Question 63: A 55-year-old female presents to clinic with recurrent episodes of abdominal discomfort and pain for the past month. She reports that the pain occurs 2-3 hours after meals, usually at midnight, and rates it as moderate to severe in intensity when it occurs. She also complains of being fatigued all the time. Past medical history is insignificant. She is an office secretary and says that the job has been very stressful recently. Her temperature is 98.6°F (37.0°C), respiratory rate is 15/min, pulse is 67/min, and blood pressure is 122/98 mm Hg. Her BMI is 34. A physical examination reveals conjunctival pallor and mild tenderness over her epigastric region.
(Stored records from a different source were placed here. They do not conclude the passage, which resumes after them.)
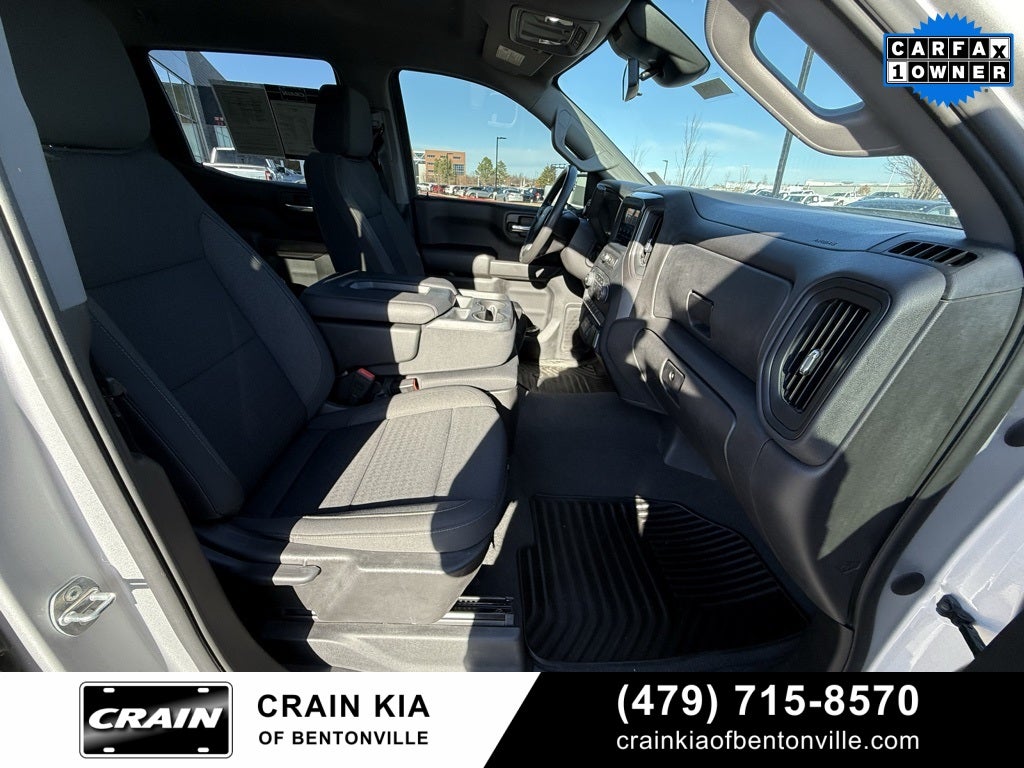 2022 Chevrolet Silverado 1500 Custom - 4WD / CLEAN CARFAX / ONE OWNER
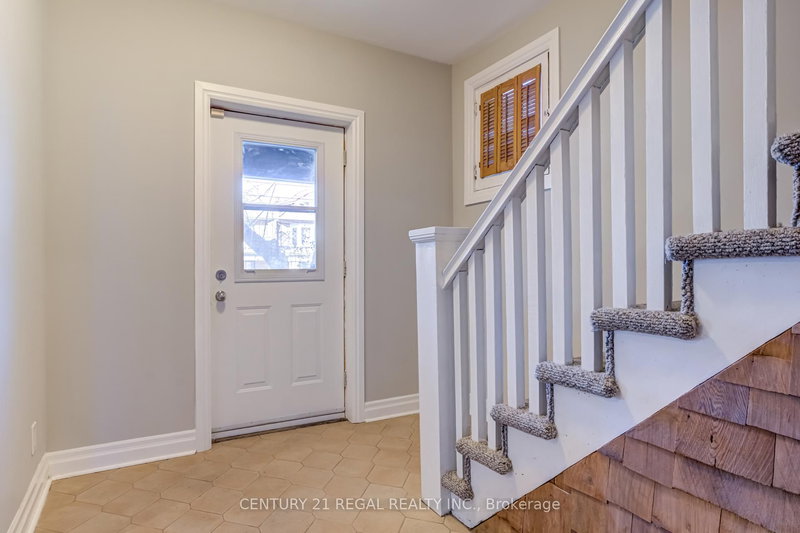 184 Maplewood Ave, Hamilton, L8M 1X7 | Image 3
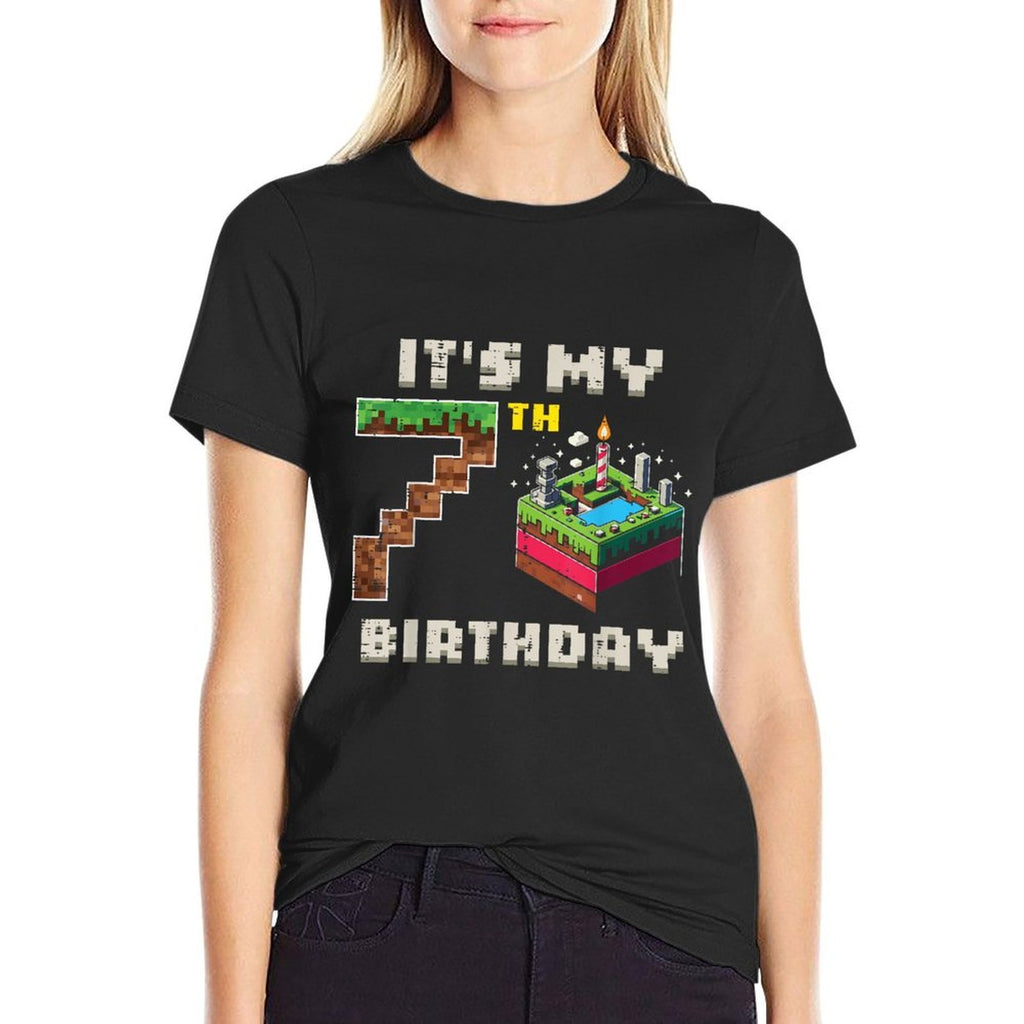 My 7th Birthday Pixel Game 7 Cake Video Gamer Boys Kid Youth  Lightweight T-Shirt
Blood tests show:
Hb%: 10 gm/dL
Total count (WBC): 11,000 /mm3
Differential count:
Neutrophils: 70%
Lymphocytes: 25%
Monocytes: 5%
ESR: 10 mm/hr
Which of the following is the most likely diagnosis?
A. Pancreatitis
B. Acute cholecystitis
C. Duodenal peptic ulcer (Correct Answer)
D. Gallbladder cancer
E. Choledocholithiasis
Explanation: ***Duodenal peptic ulcer***
- The patient's symptoms, including **abdominal pain 2-3 hours after meals** and **midnight pain**, are classic for a duodenal ulcer. This pain pattern is due to the buffering effect of food wearing off, allowing acid to irritate the ulcer.
- The presence of **conjunctival pallor** and **anemia (Hb% 10 gm/dL)** suggests **chronic blood loss**, which is a common complication of peptic ulcers.
*Pancreatitis*
- Pancreatitis typically presents with **severe, epigastric pain radiating to the back**, often exacerbated by fatty meals.
- Lab findings would usually show **elevated amylase and lipase**, which are not mentioned here.
*Acute cholecystitis*
- Characterized by **right upper quadrant pain** that is often constant and severe, sometimes radiating to the right shoulder or back.
- This condition is usually associated with **fever**, **leukocytosis**, and **Murphy's sign**, which are absent in this presentation.
*Gallbladder cancer*
- While it can cause abdominal pain and weight loss, the classic cyclical pain pattern linked to meals is not characteristic.
- It often presents with **jaundice** in advanced stages, which is not noted in this patient.
*Choledocholithiasis*
- Typically presents with **biliary colic**, which is episodic, severe right upper quadrant or epigastric pain, often radiating to the back.
- It can lead to **obstructive jaundice** and **cholangitis**, symptoms not reported by the patient.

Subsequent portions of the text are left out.